As with so many gimmicky fads intended to reduce global warming, environmentalists now exuberantly call out: “tax carbon!”
Taxation and tax avoidance are art forms wielded by skilled, precise practitioners, not the blunt tool of well-intentioned hopeful thinkers relying upon complex markets.
On balance, the current rough concept of taxing “carbon” is utterly flawed in so many ways it deserves some pointed attention. Space prevents a detailed exposition of the wide range of traps and perverse outcomes such a concept holds.
The stated overarching objective is to reduce global warming by placing a vaguely outlined tax on carbon. The expectation is that by increasing prices, a commensurate reduction will occur in consumption of carbon-based materials as combustible fuel for transportation and electricity, along with emissions of its combustion byproduct, carbon dioxide, a greenhouse gas.
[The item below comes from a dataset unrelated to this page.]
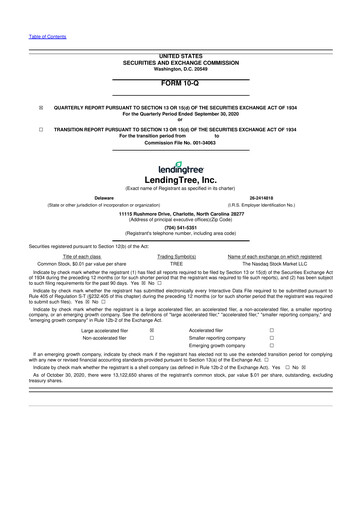 Miniature LendingTree 10-Q Rapport trimestriel 2020 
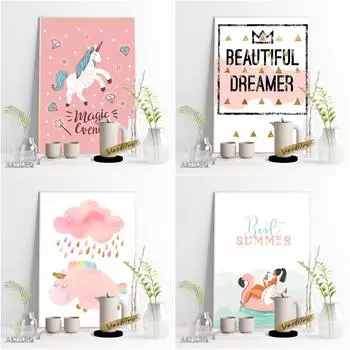 Скандинавская розовая серия для девочек, настенный художественный постер, милый единорог, украшение для детской комнаты, дома 21cm30cm NoFrame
While the tax code has been a refuge for scams, millionaires and mischief, it is also a way to create focus. A tax on carbon, one which is not focused on building physical assets and solutions to substitute for current carbon-based energy systems, is merely a waste of time and a way to divert wealth away from and delay the physical transformation which ultimately must occur.
To be clear, the revenue generated by a carbon tax is not destined to be directly used to build and deploy new equipment for electrification of transportation or decarbonizing electricity production, including new transmission and storage capabilities. That is left to the vagaries of “markets.”
A “tax on carbon” is most often described as attaching at the point “carbon” first enters the commercial process that eventually produces products for consumers and industrial use: at the mine or well head. This simplified accounting approach translates into increased prices at each stage of commerce, including a proportional increase in profit.
Follow the money! As a tax, it flows to the government. It will almost certainly end up diverted into special interest programs from poverty to debt reduction to military expenditures, police salaries, government buildings, schools, tax cuts for the wealthiest -- a la Grover Norquist, and into the great abyss of uses beyond normal humanity to anticipate.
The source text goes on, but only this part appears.